2007年10月16日火曜日

【映画】花とアリス:真面目にレビュー

 見直していて、実はこの映画は凄い映画だなと思い、きちんとレビューしてみました。というわけで、先日書いたものとはあえて別エントリにしました。

 この映画で蒼井優は2パターンの演技を繰り返している。ひとつは素のアリス。もうひとつは演技をしているアリス。“演技をしている”アリスというのはオーディションでの演技ということではなく、「自分の本意ではない行動を取る」ということ。もちろんそれを象徴するシーンは繰り返し落ちるオーディションの日々になる。

 そして、アリスは演技については大根役者であり、台詞は棒読み、表情は硬くよそよそしい。蒼井優自身とは正反対。

 映画の冒頭の登校シーンで、まるで演技をしていないような二人を見せて、“これが普段のアリス”だと印象付ける。そして宮本先輩がアリスを教室に訪ねるシーンで大根役者のアリスを見せる。

 父から万年筆をもらって「使えないじゃん」と毒づくのは演技。その割には執拗に触りまくっているから実際には相当嬉しいに違いない。父に対して見せるよそよそしい態度も演技。父と暮らせない寂しさを見せないための強がり? そして別れ際の「ウォ・アイ・ニー」は本心。

 父のトランプを使ったマジックに、昔海でトランプで遊んだ想い出を話すと「そうだっけ?」とかわされる。別れ際に本心から「ウォ・アイ・ニー(パパ大好き)」と言っても応えてもらえず、父親との距離感を感じたアリスは宮本先輩を通じて過去の想い出を辿り始める。

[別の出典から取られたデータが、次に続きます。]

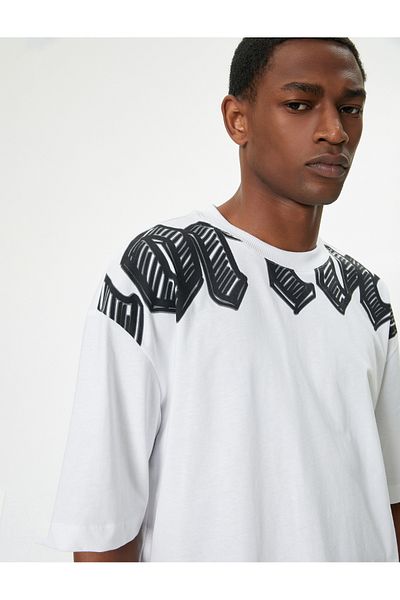 Koton Βαμβακερό μπλουζάκι Graffiti Printed Oversize - Crew Neck, κοντό μανίκι
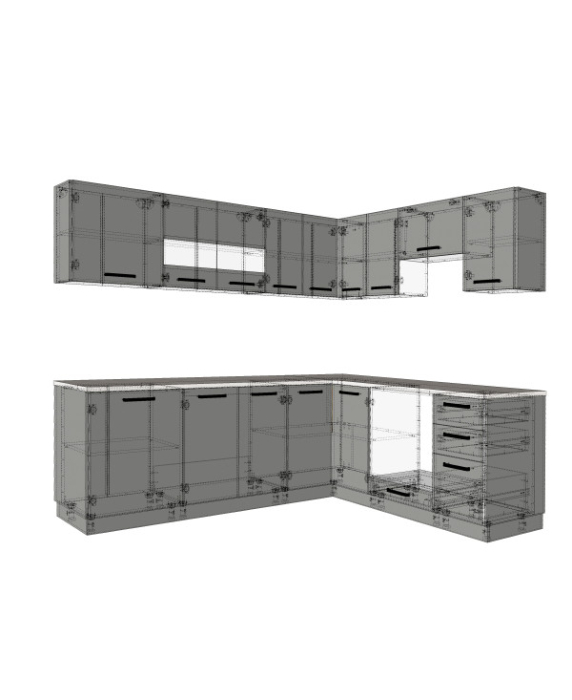 Mobila Bucatarie pe colt 240x205cm Gri Antracit MDF Amalia V2 - Set Mobilier Bucatarie [8]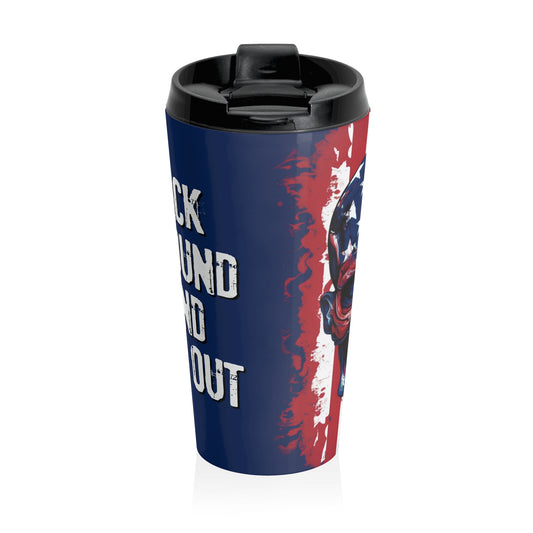Patriotic Skull Travel Mug - Perfect for Adventurers & Gear Enthusiasts - Old Glory 1776 Apparel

宮本先輩の実際には存在しない「失った過去」を辿るふりをして。

 宮本先輩に対しても最初は演技だが、徐々に本心が出て自然な表情になる。ハナに「まーくんと別れて」と命令するのは本心、「ジョウダンデスヨ」はもろ演技(笑)
 嘘をついているかどうかではなく、本心かどうか。宮本先輩に嘘がばれるシーンはその直前まで自然に嘘を付いている。

 嘘がばれた時に宮本先輩から渡された「ハートのA」が、昔家族で海で遊んだ時のトランプだとわかった時、アリスは想い出は真実だったことを確認する。もちろん記憶違いなはずはないが、何か自分の拠り所になる“証拠”を見つけたかったのだろう。

 それが宮本先輩の手から出てきたことでアリスの過去探しは終わる。自分の記憶は確かなもの。そして父が自分と距離を置いている意味に気づき。父から聞いた万年筆の説明にトランプを重ねあわせて宮本先輩に渡すことで、過去の感傷に浸っていた自分と宮本先輩に決別する。
 このとき「トランプを机の…」と言っている時は演技。トランプを毎日見つけるという宮本先輩に「だめだよ、それじゃ」と微笑み「ウォ・アイ・ニー」と告げるのは本心。宮本先輩は好きだけど、ハナとの友情には換えられない。

 そして、演技で落ち続けたオーディションでバレエを踊り合格する。

 そのオーディションのシーン、他の候補者がリョウ・タグチ(大沢たかお)の理不尽ともいえる審査打ち切りにある種憤りを感じながらも従う中で、アリスが審査終了を告げられても食い下がることで、これまでと違う自分を表現している。紙コップとガムテープでトゥシューズを作ってしまう機転もそれを象徴している。

画像


 美しいアラベスクを決めて踊りを終えた時の、清々しい表情のアリスがとても印象的だ。

 以上は私が作中に散りばめられた数々の伏線と蒼井優の演技から感じたこと。作品内にはナレーションや説明調の場面は一切ないので、人それぞれで色んな解釈ができると思う。

 この映画、見る人によっては高校生の友情と三角関係(だけ)を描いたコメディで終わってしまうだろう。確かキットカットのショートフィルム版は鈴木杏を主役に据えたそういう趣向のドラマだったように思うが、映画化に際してむしろ重きを蒼井優において再構成した岩井俊二監督の手腕に脱帽するしかない。そして、見事に演じきった蒼井優は本当に素晴らしい。

■ 共感したレビュー
絡みつく花とアリスと宮元の胸中(腹筋とくびれ)
花とアリス(裏の窓から眺めてみれば)
『花とアリス』(一感百想)

P.S. 大塚 愛の「クムリウタ」、PVは岩井俊二監督によるものです。